[Collection entries]
* * * * * * *
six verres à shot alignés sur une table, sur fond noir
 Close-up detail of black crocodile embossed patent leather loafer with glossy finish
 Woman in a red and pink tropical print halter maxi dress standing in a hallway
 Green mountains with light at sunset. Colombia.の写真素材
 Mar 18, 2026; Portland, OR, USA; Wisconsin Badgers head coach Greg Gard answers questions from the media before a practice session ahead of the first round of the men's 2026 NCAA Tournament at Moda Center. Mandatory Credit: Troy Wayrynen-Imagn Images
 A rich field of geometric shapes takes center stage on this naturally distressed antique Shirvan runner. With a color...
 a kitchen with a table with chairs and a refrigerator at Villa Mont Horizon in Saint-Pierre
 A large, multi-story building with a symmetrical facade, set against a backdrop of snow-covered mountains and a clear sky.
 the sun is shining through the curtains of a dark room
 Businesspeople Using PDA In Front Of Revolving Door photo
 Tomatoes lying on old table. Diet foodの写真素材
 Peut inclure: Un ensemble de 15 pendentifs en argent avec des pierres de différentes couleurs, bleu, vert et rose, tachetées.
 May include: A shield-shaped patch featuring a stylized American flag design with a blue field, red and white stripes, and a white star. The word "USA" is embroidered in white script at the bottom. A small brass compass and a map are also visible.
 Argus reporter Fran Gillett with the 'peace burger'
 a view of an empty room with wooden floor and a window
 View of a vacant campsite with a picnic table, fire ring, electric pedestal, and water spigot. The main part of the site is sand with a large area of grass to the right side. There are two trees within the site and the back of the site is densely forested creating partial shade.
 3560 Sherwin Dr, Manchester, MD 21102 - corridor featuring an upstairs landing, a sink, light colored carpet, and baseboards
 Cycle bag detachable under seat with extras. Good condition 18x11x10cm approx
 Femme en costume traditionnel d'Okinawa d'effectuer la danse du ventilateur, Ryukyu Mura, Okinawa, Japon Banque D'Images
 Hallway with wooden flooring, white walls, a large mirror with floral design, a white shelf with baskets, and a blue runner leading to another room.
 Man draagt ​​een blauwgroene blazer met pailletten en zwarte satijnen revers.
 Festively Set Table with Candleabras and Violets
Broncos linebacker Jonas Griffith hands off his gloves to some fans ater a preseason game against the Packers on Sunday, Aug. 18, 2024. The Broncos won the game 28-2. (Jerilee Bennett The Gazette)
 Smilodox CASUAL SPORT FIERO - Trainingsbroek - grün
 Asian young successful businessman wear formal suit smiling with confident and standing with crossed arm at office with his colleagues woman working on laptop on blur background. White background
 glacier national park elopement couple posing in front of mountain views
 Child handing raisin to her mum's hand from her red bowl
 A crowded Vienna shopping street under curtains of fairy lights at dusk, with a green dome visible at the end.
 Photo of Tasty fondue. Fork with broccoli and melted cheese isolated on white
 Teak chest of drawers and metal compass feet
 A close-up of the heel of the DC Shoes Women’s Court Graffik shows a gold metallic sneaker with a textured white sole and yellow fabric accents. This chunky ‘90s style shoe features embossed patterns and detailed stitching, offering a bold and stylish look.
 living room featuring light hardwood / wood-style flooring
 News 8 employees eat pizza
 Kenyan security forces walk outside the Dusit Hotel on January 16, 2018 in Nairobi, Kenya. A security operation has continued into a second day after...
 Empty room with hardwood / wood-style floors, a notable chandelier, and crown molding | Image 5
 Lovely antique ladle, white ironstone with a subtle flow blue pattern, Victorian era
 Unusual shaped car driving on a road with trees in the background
* * * * * * *
_Try it_
Please transcribe only the lines in the records above running from the line that has "Cycle bag detachable" through the line that has "Femme en costume", both included, exactly as they appear.

_Answer section_
 Cycle bag detachable under seat with extras. Good condition 18x11x10cm approx
 Femme en costume traditionnel d'Okinawa d'effectuer la danse du ventilateur, Ryukyu Mura, Okinawa, Japon Banque D'Images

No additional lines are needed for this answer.